→ **REQUIREMENT**: Only the lines from the top of the data through the line containing "Retro Slim Draped Cotton Jeans" should be duplicated, exactly as they appear.

→ **DATA FOR PROCESSING**:
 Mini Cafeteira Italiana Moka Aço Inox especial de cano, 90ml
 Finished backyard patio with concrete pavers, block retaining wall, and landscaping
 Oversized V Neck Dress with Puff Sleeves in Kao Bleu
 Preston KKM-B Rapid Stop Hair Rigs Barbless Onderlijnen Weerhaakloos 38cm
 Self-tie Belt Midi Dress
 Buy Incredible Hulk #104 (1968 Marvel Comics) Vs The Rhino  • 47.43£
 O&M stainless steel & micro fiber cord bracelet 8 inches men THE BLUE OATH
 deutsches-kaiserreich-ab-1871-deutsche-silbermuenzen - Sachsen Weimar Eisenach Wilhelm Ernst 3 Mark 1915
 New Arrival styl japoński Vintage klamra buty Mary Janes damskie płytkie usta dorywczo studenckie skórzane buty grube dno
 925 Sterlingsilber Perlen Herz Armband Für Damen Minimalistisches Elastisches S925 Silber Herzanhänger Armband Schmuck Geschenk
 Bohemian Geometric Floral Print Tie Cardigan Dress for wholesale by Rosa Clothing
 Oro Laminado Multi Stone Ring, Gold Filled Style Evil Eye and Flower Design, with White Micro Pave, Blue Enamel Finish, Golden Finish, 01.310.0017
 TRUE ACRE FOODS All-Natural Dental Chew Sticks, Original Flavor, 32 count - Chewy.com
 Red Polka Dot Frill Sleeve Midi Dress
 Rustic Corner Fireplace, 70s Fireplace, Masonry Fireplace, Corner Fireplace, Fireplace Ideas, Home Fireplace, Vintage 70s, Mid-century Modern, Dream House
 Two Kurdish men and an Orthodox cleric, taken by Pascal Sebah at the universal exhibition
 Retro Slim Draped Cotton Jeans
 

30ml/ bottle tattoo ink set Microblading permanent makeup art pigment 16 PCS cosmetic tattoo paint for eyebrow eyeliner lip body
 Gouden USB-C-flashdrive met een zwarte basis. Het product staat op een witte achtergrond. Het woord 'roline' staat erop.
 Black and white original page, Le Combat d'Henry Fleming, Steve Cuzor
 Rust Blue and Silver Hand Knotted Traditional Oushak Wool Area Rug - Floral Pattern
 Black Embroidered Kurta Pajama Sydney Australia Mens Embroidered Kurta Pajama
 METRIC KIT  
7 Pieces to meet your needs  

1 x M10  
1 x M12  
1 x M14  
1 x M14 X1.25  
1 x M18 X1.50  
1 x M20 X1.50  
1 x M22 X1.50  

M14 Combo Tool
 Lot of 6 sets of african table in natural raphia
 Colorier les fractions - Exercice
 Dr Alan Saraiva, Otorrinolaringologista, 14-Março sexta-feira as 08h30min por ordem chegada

→ **FINAL ANSWER**:
 Mini Cafeteira Italiana Moka Aço Inox especial de cano, 90ml
 Finished backyard patio with concrete pavers, block retaining wall, and landscaping
 Oversized V Neck Dress with Puff Sleeves in Kao Bleu
 Preston KKM-B Rapid Stop Hair Rigs Barbless Onderlijnen Weerhaakloos 38cm
 Self-tie Belt Midi Dress
 Buy Incredible Hulk #104 (1968 Marvel Comics) Vs The Rhino  • 47.43£
 O&M stainless steel & micro fiber cord bracelet 8 inches men THE BLUE OATH
 deutsches-kaiserreich-ab-1871-deutsche-silbermuenzen - Sachsen Weimar Eisenach Wilhelm Ernst 3 Mark 1915
 New Arrival styl japoński Vintage klamra buty Mary Janes damskie płytkie usta dorywczo studenckie skórzane buty grube dno
 925 Sterlingsilber Perlen Herz Armband Für Damen Minimalistisches Elastisches S925 Silber Herzanhänger Armband Schmuck Geschenk
 Bohemian Geometric Floral Print Tie Cardigan Dress for wholesale by Rosa Clothing
 Oro Laminado Multi Stone Ring, Gold Filled Style Evil Eye and Flower Design, with White Micro Pave, Blue Enamel Finish, Golden Finish, 01.310.0017
 TRUE ACRE FOODS All-Natural Dental Chew Sticks, Original Flavor, 32 count - Chewy.com
 Red Polka Dot Frill Sleeve Midi Dress
 Rustic Corner Fireplace, 70s Fireplace, Masonry Fireplace, Corner Fireplace, Fireplace Ideas, Home Fireplace, Vintage 70s, Mid-century Modern, Dream House
 Two Kurdish men and an Orthodox cleric, taken by Pascal Sebah at the universal exhibition
 Retro Slim Draped Cotton Jeans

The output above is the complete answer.